**Data records**
◇ ◇ ◇ ◇ ◇ ◇ ◇

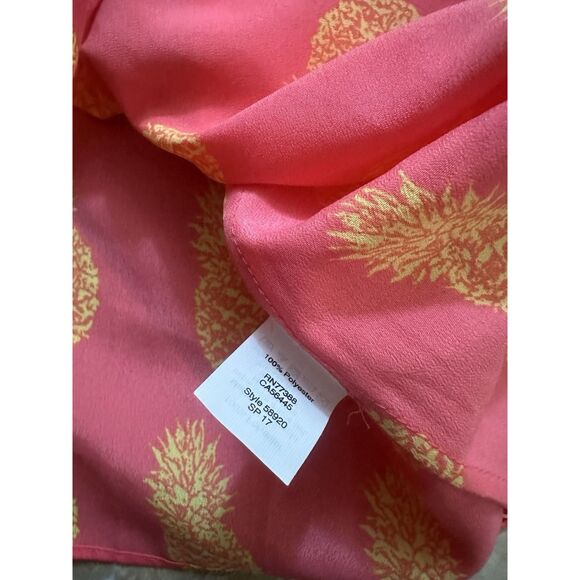 JCrew 6 Pineapple Print Hot Pink Tank Top Blouse - Picture 3 of 5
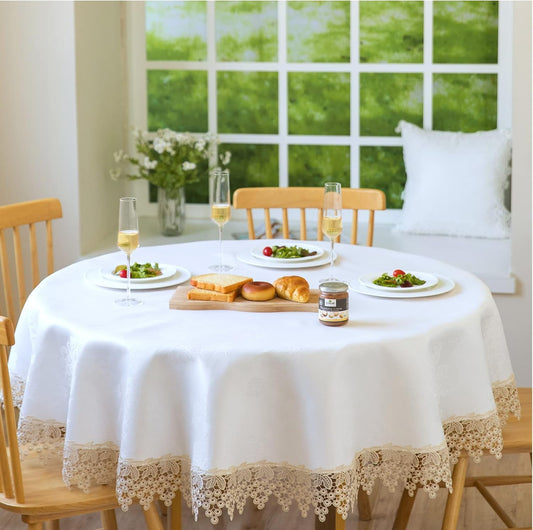 Beige lace Premium Round Farmhouse Tablecloth Waterproof OilProof SpillProof AntiShrink Soft Wrinkle Resistant Decorative Fabric Table Cover Kitchen Dinning Party Wedding Banquet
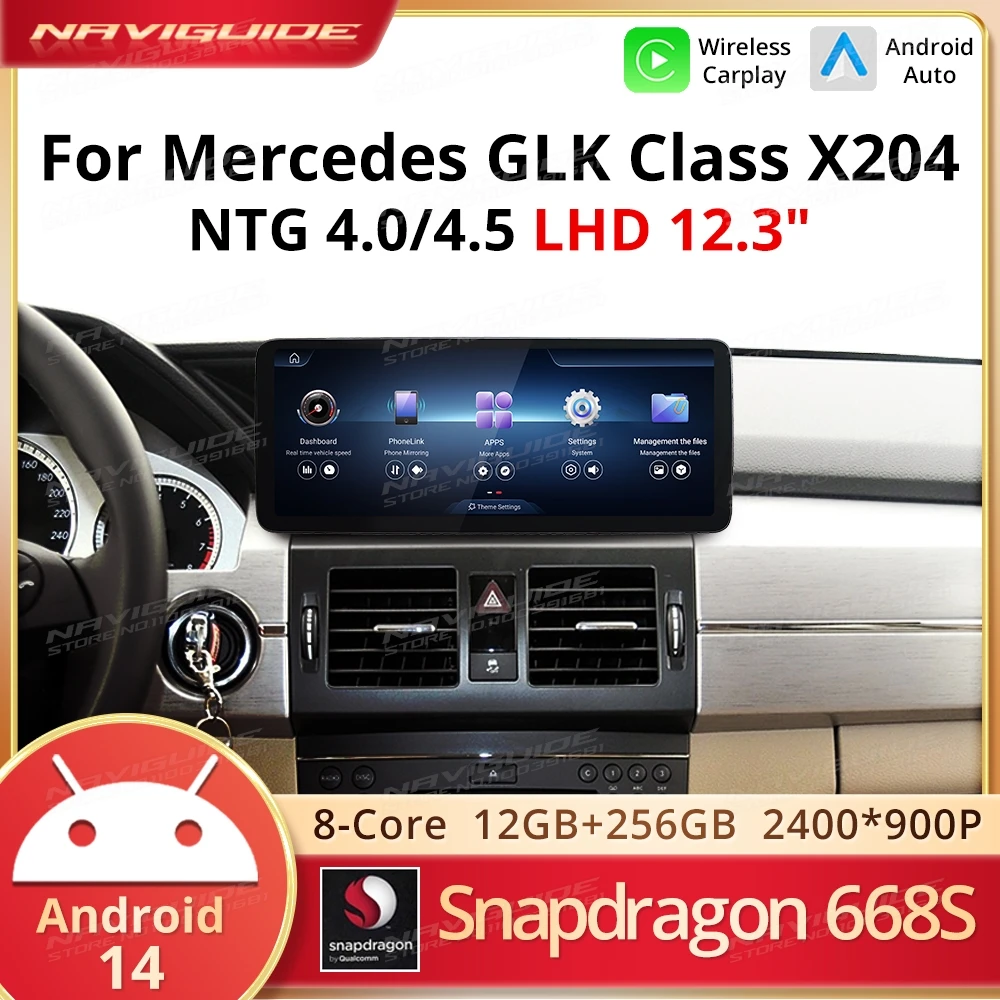 NAVIGUIDE Android 14 For Mercedes GLK Class X204 LHD Wireless Carplay Android Auto Intelligent Car Navigation Multimedia Player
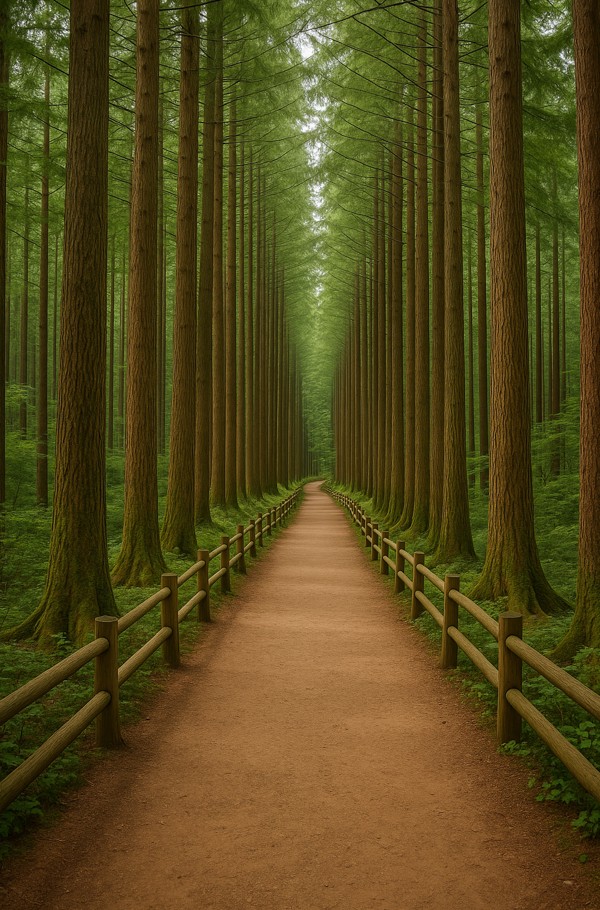 숲에 길이 있는 사진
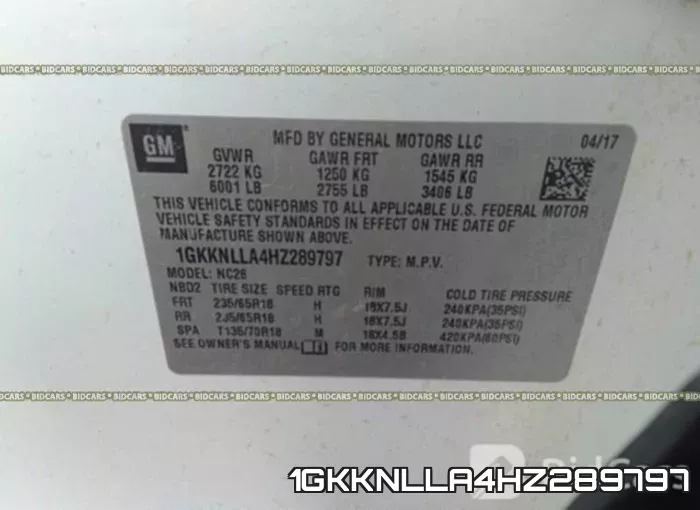 1GKKNLLA4HZ289797 фото 10
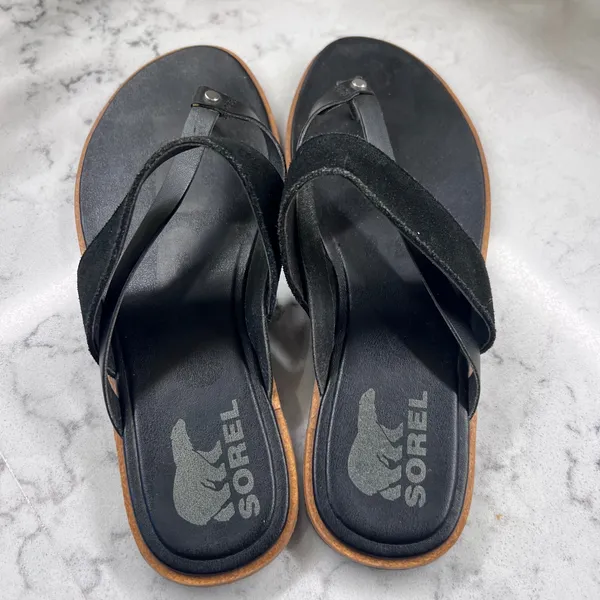 Sorel Ella II Sandal Black Leather Suede Thong Flat Sandals Womens 9.5 - Image 3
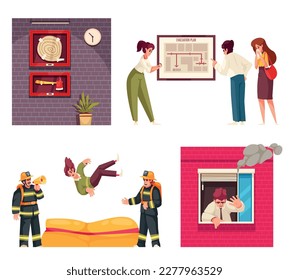 Evacuation cartoon icons set with people escaping burning house isolated vector illustration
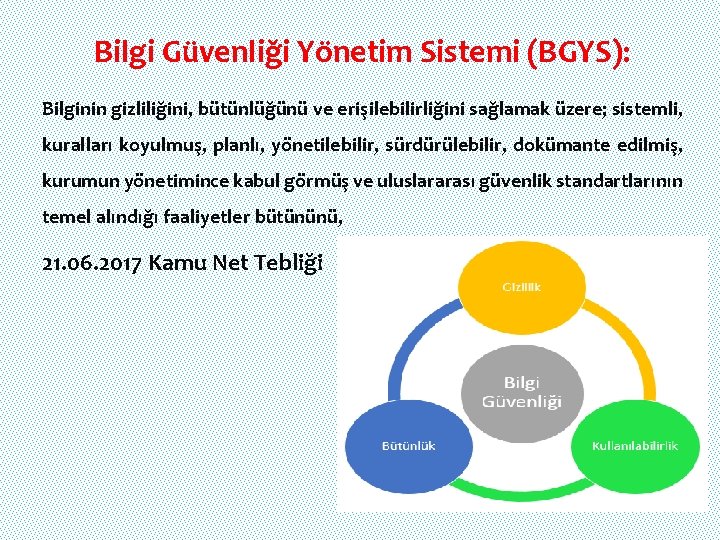 Bilgi Güvenliği Yönetim Sistemi (BGYS): Bilginin gizliliğini, bütünlüğünü ve erişilebilirliğini sağlamak üzere; sistemli, kuralları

◇ ◇ ◇ ◇ ◇ ◇ ◇

Write every record out again exactly; no pictures belong in the copy.

 JCrew 6 Pineapple Print Hot Pink Tank Top Blouse - Picture 3 of 5
 Beige lace Premium Round Farmhouse Tablecloth Waterproof OilProof SpillProof AntiShrink Soft Wrinkle Resistant Decorative Fabric Table Cover Kitchen Dinning Party Wedding Banquet
 NAVIGUIDE Android 14 For Mercedes GLK Class X204 LHD Wireless Carplay Android Auto Intelligent Car Navigation Multimedia Player
 숲에 길이 있는 사진
 1GKKNLLA4HZ289797 фото 10
 Sorel Ella II Sandal Black Leather Suede Thong Flat Sandals Womens 9.5 - Image 3
 Evacuation cartoon icons set with people escaping burning house isolated vector illustration
 Bilgi Güvenliği Yönetim Sistemi (BGYS): Bilginin gizliliğini, bütünlüğünü ve erişilebilirliğini sağlamak üzere; sistemli, kuralları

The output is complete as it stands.